We do have two optional coverages available right now that we price on a cost recovery basis. The intent is for as many Canadians, our members, to avail themselves of these optional coverages as possible. Essentially, the way that the building back better provision works is, if you were to encounter a loss, as part of your claim settlement, for no more cost to you as the policyholder or the member, we would be able to have a higher resilience standard. If a significant event were to happen again, you'd be better protected.

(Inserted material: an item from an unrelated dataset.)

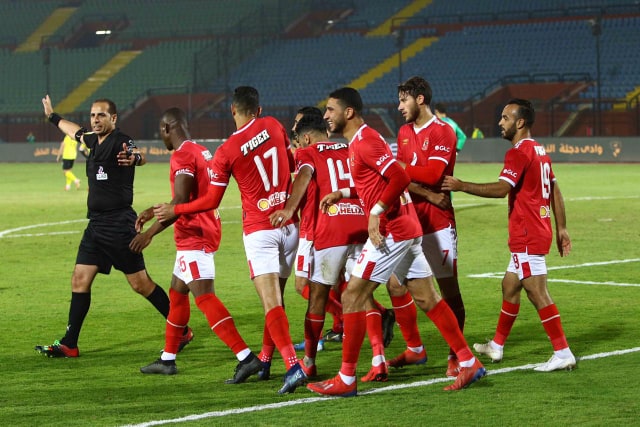 فريق الأهلي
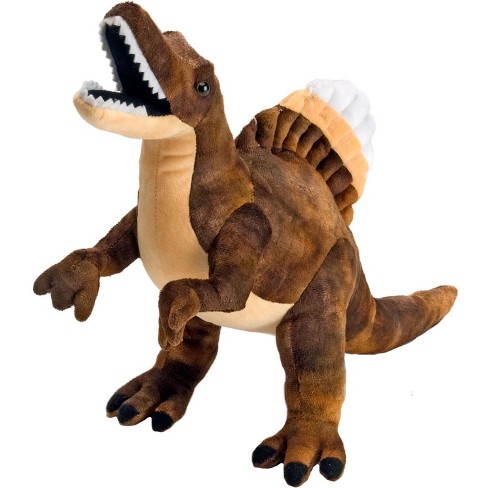 Wild Republic Dinosauria Mini Spinosaurus Stuffed Animal, 10 Inches - image 1 of 1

More broadly, beyond just Wawanesa Insurance now, there is an ongoing shift within the insurance industry, and it's a necessary one, shifting from that protective reactive posture to more of a preventative one. That is a change, and it takes a lot of public education. In my view, it's very fair for Canadians to say now, “Why do I need to be invested in these prevention efforts? You're the insurance company. You should be there for me.” Historically, that has been the absolute value proposition, as it is today. For any of our members who suffer a loss, we will be there for them. That's why we're in business. As a mutual company, we take those responsibilities very seriously.
Could uptake around these products be stronger? Yes. I don't think we're alone as an insurer in having that experience. What you're seeing now is increasingly some insurers bundling some of these coverages into their base wordings, in other words, as part of their core product suite. This is something that's evolving very quickly in real time, but here again there's also a chance that insurers are taking on disproportionate risk. This is happening in the absence of a broader national conversation around these needs.
Again, we'll try to do our part, but I think we need the federal government to join us.